Instructions for the task: Your copy should hold only the lines from the one containing "316L Çelik Gümüş" through the final line of the entries, exactly as written, with no pictures.

(Beginning of Extracted information)

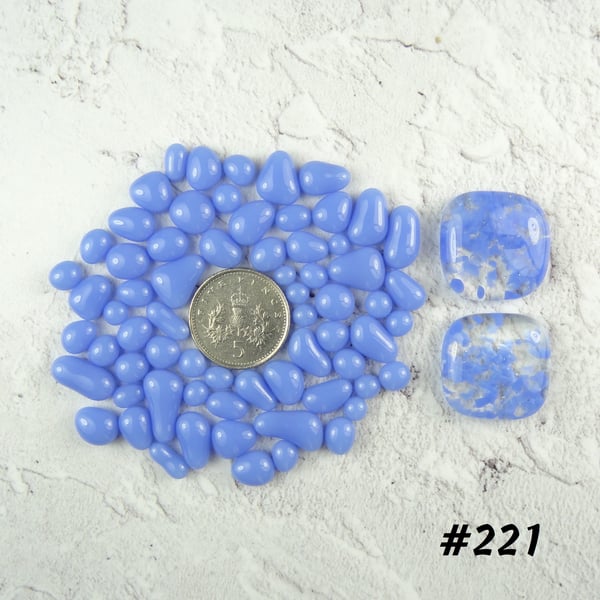25g blue art glass cabochons, for jewellery making, crafting (221)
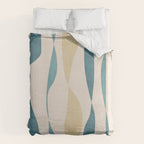 Teal Ochre Light Teal Lines Abstract Artwork Duvet Cover Gallery Image 6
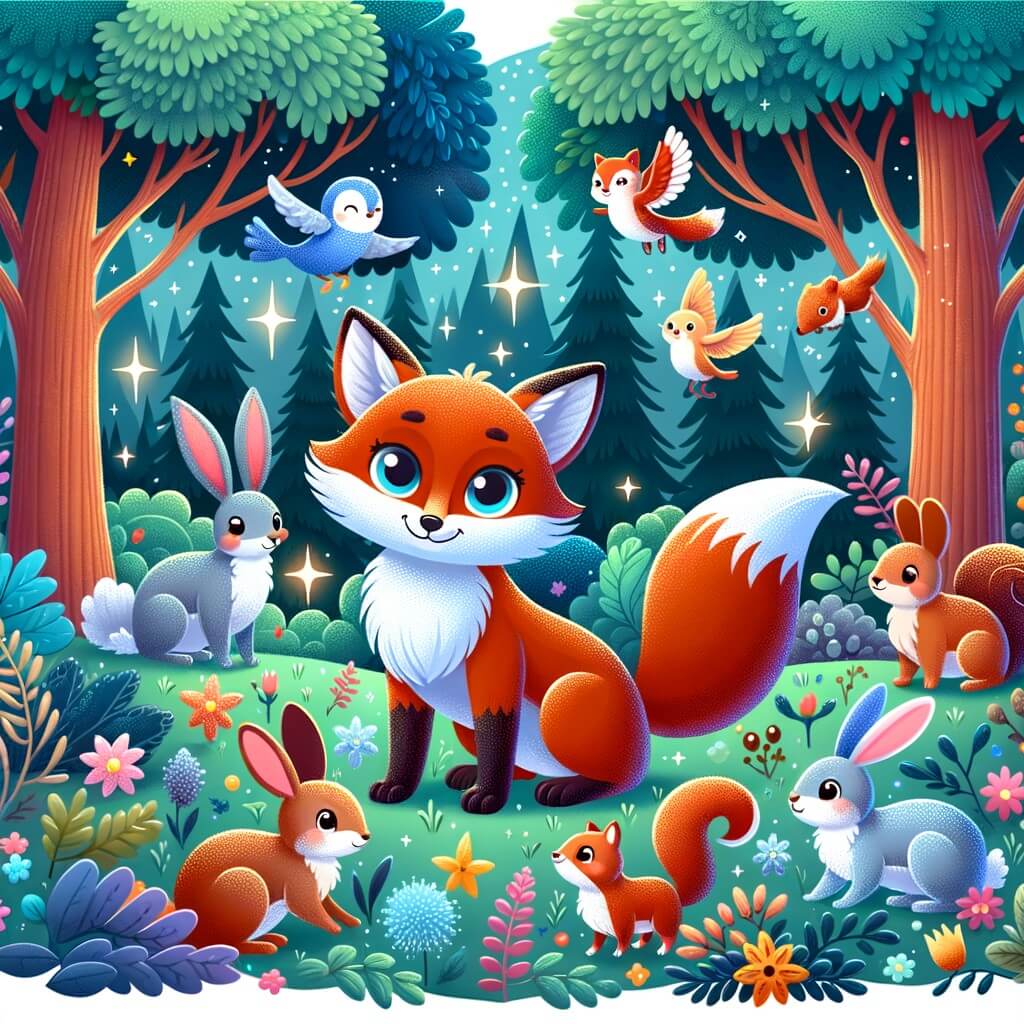 Une illustration destinée aux enfants représentant un renard rusé, se retrouvant dans une forêt enchantée, accompagné d'autres animaux de la forêt, tels que des lapins bondissants, des écureuils malicieux et des oiseaux colorés, entourés de majestueux arbres aux feuilles chatoyantes et de fleurs éclatantes.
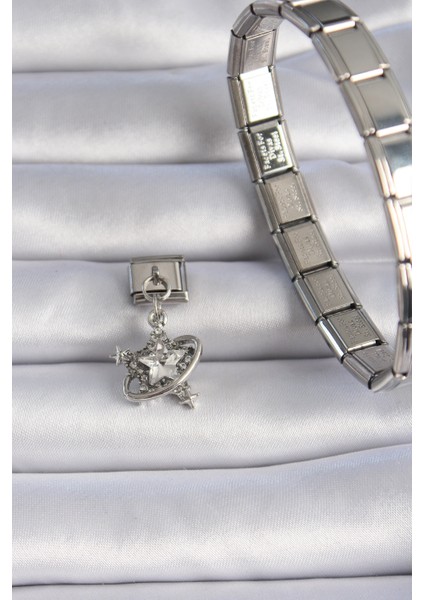 316L Çelik Gümüş Renk Zirkon Taşlı Sallantı Yıldız Model Nomination Charm fiyatları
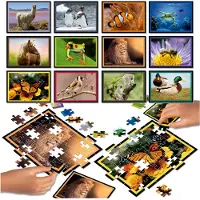 Educa Puzzle - - Battle Jr Natura - 12 puzzles - 42 palapeliä - Luonto-teema - Lapsille 7-vuotiaasta alkaen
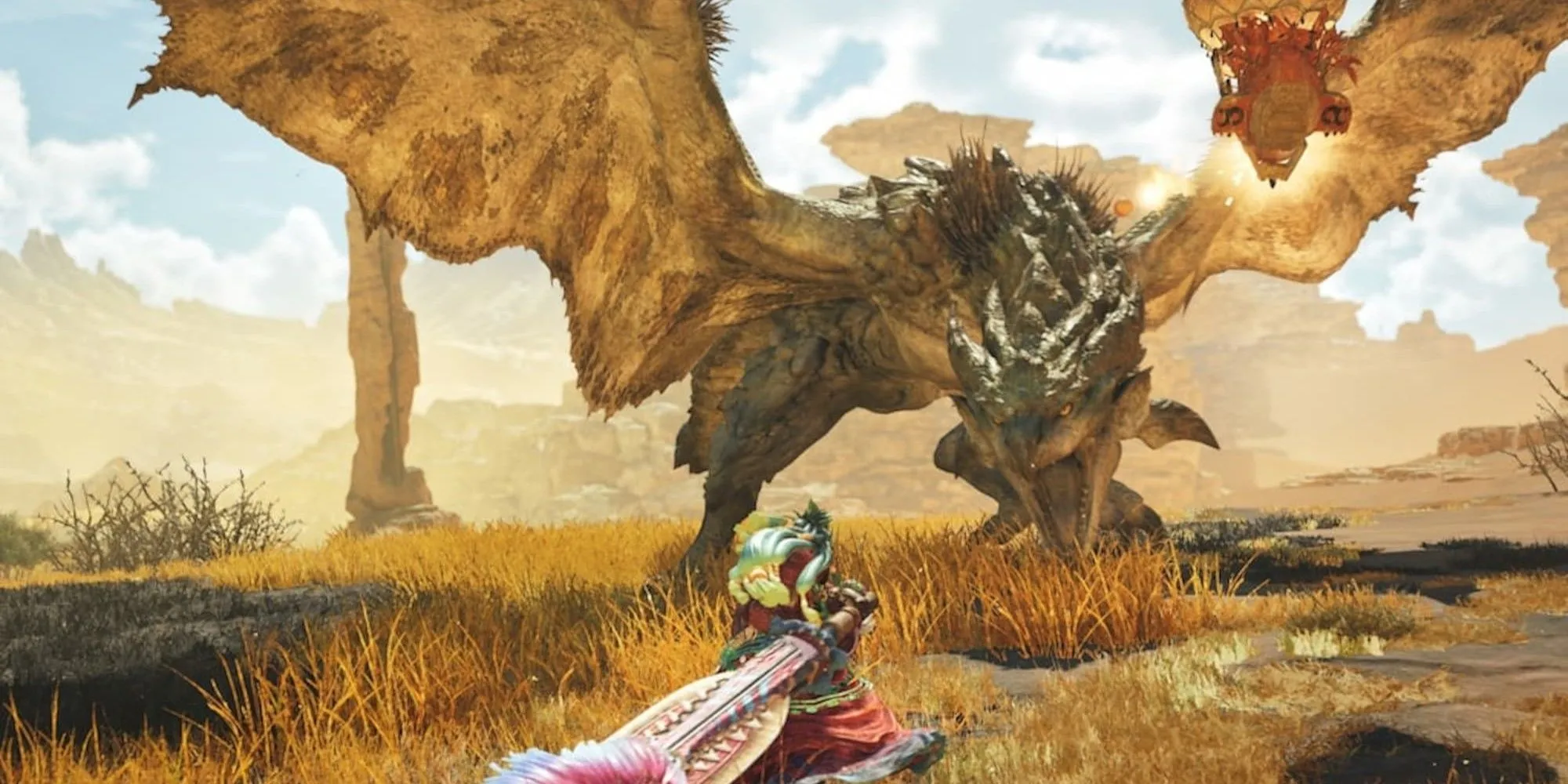 Chiến đấu với một sinh vật Rồng trong Monster Hunter Wilds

(End of Extracted information)

Result:
 316L Çelik Gümüş Renk Zirkon Taşlı Sallantı Yıldız Model Nomination Charm fiyatları
 Educa Puzzle - - Battle Jr Natura - 12 puzzles - 42 palapeliä - Luonto-teema - Lapsille 7-vuotiaasta alkaen
 Chiến đấu với một sinh vật Rồng trong Monster Hunter Wilds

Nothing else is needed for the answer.